The poems in the book’s second half deal with Hazel’s admission to a mental hospital and Reed shows great skill in handling the multiple voices that co-exist within the psychiatric system. Poems are presented as interviews, case notes, reports, minutes and lists and he is unflinching in his exploration of the depersonalising effects of the chemical and electrical forms of treatment used in psychiatry at the time. These poems are written in Hazel’s voice and the reader cannot but be moved by the suffering she experiences.
Both Esterson and Laing appear in the text and the imagining of the therapeutic encounters between Esterson and Hazel are some of the few moments of human relatedness within the hospital’s repressive system. These are written as gentle, three line stanzas of the internal thoughts of Esterson as he attempts to make sense of what Hazel is trying to communicate through her behaviour. Careful descriptions of Hazel’s behaviour and demeanour lead to the introduction of moments of difference and possibility:
she sways from the waist in her chair
sways to the side
then backward and forward…
then, for an instant, she lifts her eyes
as if stepping from her swaying body
to place a bright flare in the space between us
(‘second meeting’)
Later Hazel speaks about her meetings with Esterson, the space he gave her to speak and to disperse some of the ‘mist’:
at first I wasn’t sure of you
couldn’t make you out at all..
it seemed i was talking to myself
but for the first time
i could hear my own voice…
& when the hour came to an end
you finally spoke
in your tender way
we needed this to clear the air
(‘the space between words’)
There is a very engaging cameo appearance by Laing when first he gatecrashes an interview between Hazel and Esterson and then a re-construction of one of Laing’s (well-known) late night visits to Esterson’s house at a time when they were both under pressure from the psychiatric establishment:
Laing stumbles in without invitation
Glenfiddich stuffed in his overcoat pocket
sorry pal, did a wake ye…
he brings his nose close to mine
to kiss or crash
his forehead against my skull…
you’re the only one I can talk to Aaron
we must hold together as best we can
(‘brotherly’)
The collection is movingly completed by the final poem presented as a letter a much older Hazel writes to Dr. Esterson. It shows her as a mature woman who has not only escaped from the binds that held her but is also able to read her own story dispassionately while enjoying getting on with her own life.
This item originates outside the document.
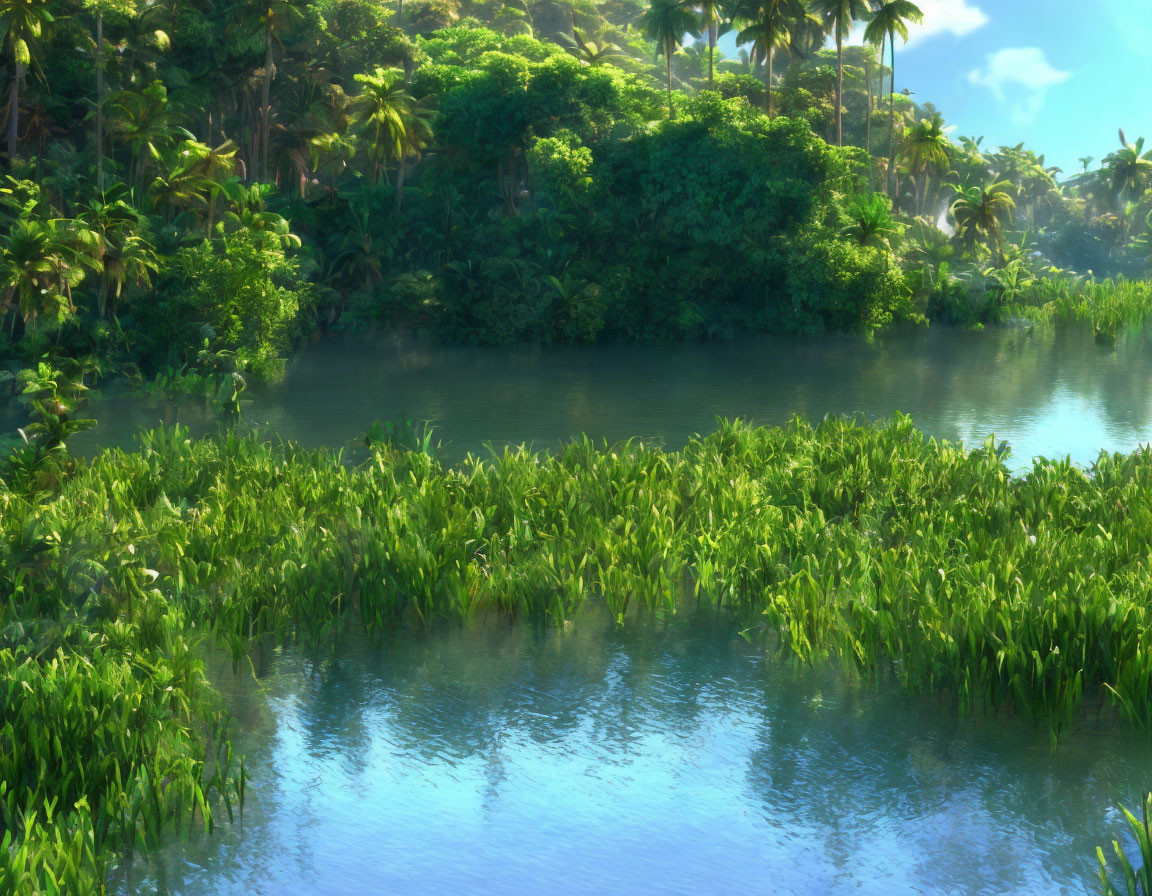 Serene Tropical River with Lush Greenery and Palm Trees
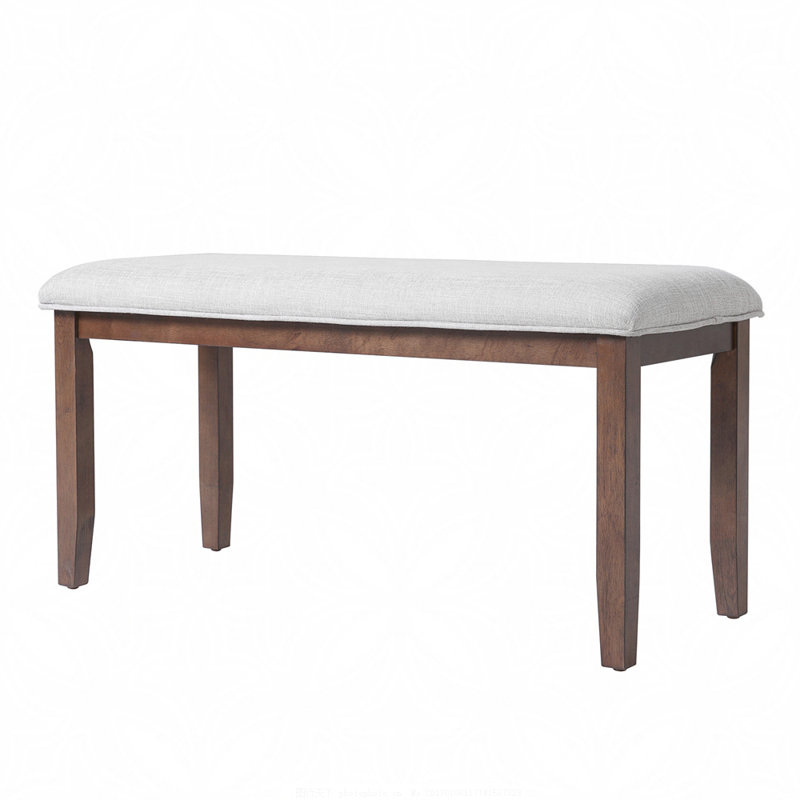 Anakin Linen Upholstered Bench with Rubberwood Legs, Cherry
a few years back I read the book that you wrote
with your strange friend dr laing
sanity, madness and the family-
eleven girls just like me…
the mist finally cleared
and I made the most of every minute
soon there will be a tap at the door
my granddaughter bustling in, laughing
(‘my dear dr esterson’)
knots, tangles, fankles is a highly ambitious and original collection where Reed takes the complex and detailed research of Sanity, Madness and the Family and transforms it into a multi-vocal poetic sequence which not only engages with its radical theoretical ideas but also speaks to the human distress and pain experienced by some individuals and their families.
* note – it is only possible to reflect some of the stylistic techniques employed in the poems in the quotes used.
References
Laing, R.D. 1964. Mystification, confusion and conflict. I. Borzormenyi-Nagy and J. Framo (eds), Intensive family therapy. New York: Harper and Row, Chapter 9.
Laing, R.D. and Esterson, Aaron. 1970. Sanity, Madness and the Family: Families of schizophrenics. Harmondsworth: Penguin Books.
Laing, R.D. 1972. Knots. Harmondsworth: Penguin Books.
Jeremy Kearney trained as a social worker and family therapist and worked for many years in a university context. He has written a number of books and articles addressing various aspects of theory and practice in the social sciences. He currently contributes to the Dublin Review of Books.